The part no one tells you about

Does anyone out there ever feel like a complete and utter failure as a parent? I do. I raised three amazing children, however, one, the youngest is determined to stumble through life the hard way. I try to be a good parent even though he is technically an adult now. I try to be there without being smothering, without giving advice unless asked specifically for it. I try the tough love; you have to do that when they are out of control, throwing things, breaking things, just angry at the world.
You can’t let the wild accusations pierce your heart, although that one is a tough one, you have to stand firm and not allow the one to override the obvious good you have achieved as a parent.
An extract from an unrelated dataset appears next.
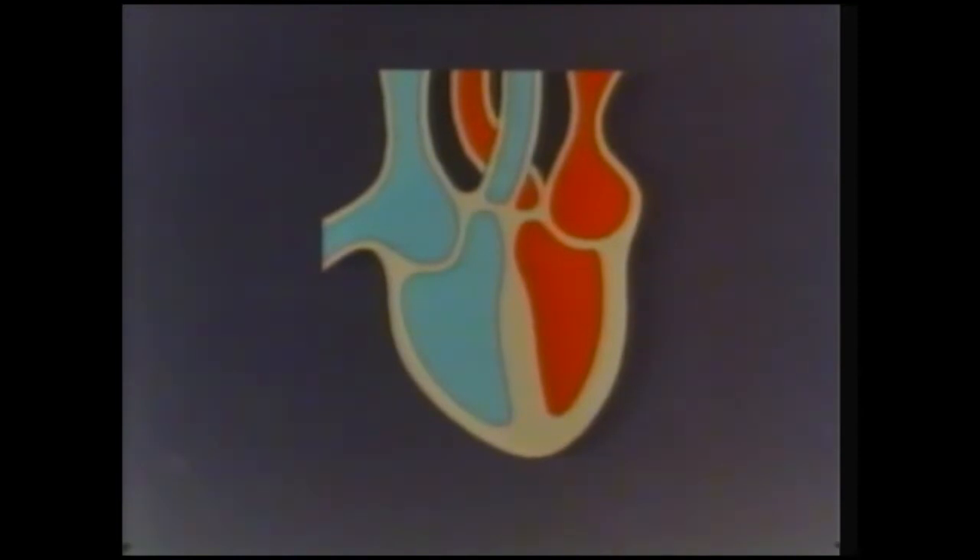Let's look at how the heart works. Blood coming from the lungs first enters this chamber called the left atrium, while blood coming from the rest of the body enters the upper chamber on the other side called the right atrium. There are valves between these two upper chambers and the larger chambers below.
No one tells you that this is the tough part, oh they all talk about potty training and teaching manners, and getting through the horrendous homework load phase, but no one ever tells you about this.
This is the most difficult part of being a parent, the letting go, while still being there for your child, guiding but not demanding, giving but not enabling. My own mother did this with such aplomb, I wish she were still here for me to ask how she did it.
I myself was a difficult teenager that seemed to stumble for a bit, my mother never judged, never blamed and never offered ultimatums, however, she was always there to listen and gently guide. I remember asking her what I should do one time, she so did not want to tell me, finally, after much badgering on my part she said, well, I’ll tell you but I don’t expect you to do what I would do as you are a different person. I try to be that way; it is hard with this one.
No one tells you the pain of letting go when you see that they are stumbling on the wrong path, no one tells you how difficult it is to be on the outside of your child’s life watching them suffer, no one tells you parenting doesn’t end at 18. Oh the government tries to tell you that, by not allowing you to make doctor appointments and by limiting your knowledge of their medical information, doesn’t matter that you pay the doctor bills or the insurance premiums. The government says that you should never know anything medically about your child. Even when you finally make a breakthrough and they say they are willing to go see someone for the problems they have been having.
I am telling everyone, the hard part is not watching them get on a bus to go to school for the first time, or watching them fall down physically on the baseball field when a they get hit by a ball, the hard part is not being able to help them when they are considered adults and you see them making horrendous mistakes. That is truly the hard part of parenting.